▶ GOAL OF THE EXERCISE:
Write out, from the entries below, exactly the lines that run between the lines holding "Lauren Plan, Vision" and "Mercedes-Benz 190 250.000", inclusive, and stop there.

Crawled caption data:
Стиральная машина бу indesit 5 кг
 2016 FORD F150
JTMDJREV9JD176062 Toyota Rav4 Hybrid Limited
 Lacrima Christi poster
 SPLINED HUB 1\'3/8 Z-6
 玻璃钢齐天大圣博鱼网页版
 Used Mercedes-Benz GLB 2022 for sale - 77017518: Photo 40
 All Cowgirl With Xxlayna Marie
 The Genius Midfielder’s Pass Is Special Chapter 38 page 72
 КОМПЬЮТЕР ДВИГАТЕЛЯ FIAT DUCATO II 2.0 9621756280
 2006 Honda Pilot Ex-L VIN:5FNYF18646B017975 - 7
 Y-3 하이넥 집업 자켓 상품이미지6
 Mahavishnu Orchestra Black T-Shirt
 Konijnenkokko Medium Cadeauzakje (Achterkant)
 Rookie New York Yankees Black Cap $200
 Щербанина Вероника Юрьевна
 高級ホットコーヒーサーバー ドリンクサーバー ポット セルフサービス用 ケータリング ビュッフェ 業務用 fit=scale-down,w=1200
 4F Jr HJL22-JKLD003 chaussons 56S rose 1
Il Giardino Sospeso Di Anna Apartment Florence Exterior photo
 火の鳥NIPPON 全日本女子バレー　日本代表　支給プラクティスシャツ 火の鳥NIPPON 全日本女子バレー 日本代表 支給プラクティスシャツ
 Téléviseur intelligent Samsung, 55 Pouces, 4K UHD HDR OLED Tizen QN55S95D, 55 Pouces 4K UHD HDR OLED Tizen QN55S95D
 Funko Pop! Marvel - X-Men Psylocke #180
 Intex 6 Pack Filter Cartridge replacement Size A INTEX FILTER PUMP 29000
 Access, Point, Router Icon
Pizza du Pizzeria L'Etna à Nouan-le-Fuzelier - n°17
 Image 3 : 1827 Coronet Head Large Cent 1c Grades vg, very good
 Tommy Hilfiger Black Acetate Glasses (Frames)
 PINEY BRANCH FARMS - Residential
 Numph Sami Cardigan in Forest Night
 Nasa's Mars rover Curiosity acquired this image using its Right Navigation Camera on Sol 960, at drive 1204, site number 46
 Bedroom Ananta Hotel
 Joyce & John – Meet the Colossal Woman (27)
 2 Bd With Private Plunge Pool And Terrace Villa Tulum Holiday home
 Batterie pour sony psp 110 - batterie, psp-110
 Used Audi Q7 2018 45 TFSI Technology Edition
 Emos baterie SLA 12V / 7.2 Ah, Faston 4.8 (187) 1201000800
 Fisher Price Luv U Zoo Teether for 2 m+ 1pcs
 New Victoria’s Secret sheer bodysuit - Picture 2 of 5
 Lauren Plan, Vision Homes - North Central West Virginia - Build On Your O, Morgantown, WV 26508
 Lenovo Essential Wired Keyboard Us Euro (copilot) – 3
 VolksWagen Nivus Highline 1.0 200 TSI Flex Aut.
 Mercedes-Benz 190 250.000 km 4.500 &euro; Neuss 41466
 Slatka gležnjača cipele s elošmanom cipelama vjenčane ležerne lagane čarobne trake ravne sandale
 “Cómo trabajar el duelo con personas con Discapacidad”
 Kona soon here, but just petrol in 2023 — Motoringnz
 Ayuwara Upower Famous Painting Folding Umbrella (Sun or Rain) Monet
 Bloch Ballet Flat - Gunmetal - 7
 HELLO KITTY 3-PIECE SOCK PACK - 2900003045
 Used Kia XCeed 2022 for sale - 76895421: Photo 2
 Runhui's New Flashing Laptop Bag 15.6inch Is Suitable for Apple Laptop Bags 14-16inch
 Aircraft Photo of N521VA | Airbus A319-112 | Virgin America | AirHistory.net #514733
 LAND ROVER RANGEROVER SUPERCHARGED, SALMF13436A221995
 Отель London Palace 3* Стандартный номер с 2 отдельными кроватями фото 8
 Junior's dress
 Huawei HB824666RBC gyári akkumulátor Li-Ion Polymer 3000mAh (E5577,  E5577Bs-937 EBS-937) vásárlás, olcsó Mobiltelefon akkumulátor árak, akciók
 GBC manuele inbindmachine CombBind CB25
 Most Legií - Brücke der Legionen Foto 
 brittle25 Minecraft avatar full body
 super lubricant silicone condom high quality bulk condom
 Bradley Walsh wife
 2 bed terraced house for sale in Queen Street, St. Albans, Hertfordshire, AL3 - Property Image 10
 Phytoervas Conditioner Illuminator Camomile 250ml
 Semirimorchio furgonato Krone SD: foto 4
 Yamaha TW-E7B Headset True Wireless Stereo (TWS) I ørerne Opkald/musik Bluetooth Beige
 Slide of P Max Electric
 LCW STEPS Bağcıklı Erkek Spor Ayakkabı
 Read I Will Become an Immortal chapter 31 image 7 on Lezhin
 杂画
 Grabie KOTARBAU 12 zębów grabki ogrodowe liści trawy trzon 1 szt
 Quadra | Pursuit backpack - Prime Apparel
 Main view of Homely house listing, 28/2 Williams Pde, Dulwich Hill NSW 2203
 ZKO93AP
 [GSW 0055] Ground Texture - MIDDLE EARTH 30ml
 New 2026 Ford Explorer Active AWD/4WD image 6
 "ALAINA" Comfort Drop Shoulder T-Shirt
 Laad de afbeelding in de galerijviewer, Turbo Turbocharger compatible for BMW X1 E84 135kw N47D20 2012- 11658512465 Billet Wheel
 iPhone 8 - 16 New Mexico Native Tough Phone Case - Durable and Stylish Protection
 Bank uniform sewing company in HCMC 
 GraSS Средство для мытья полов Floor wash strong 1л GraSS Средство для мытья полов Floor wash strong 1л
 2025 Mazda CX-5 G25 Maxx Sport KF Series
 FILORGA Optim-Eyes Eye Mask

▶ YOUR SOLUTION:
 Lauren Plan, Vision Homes - North Central West Virginia - Build On Your O, Morgantown, WV 26508
 Lenovo Essential Wired Keyboard Us Euro (copilot) – 3
 VolksWagen Nivus Highline 1.0 200 TSI Flex Aut.
 Mercedes-Benz 190 250.000 km 4.500 &euro; Neuss 41466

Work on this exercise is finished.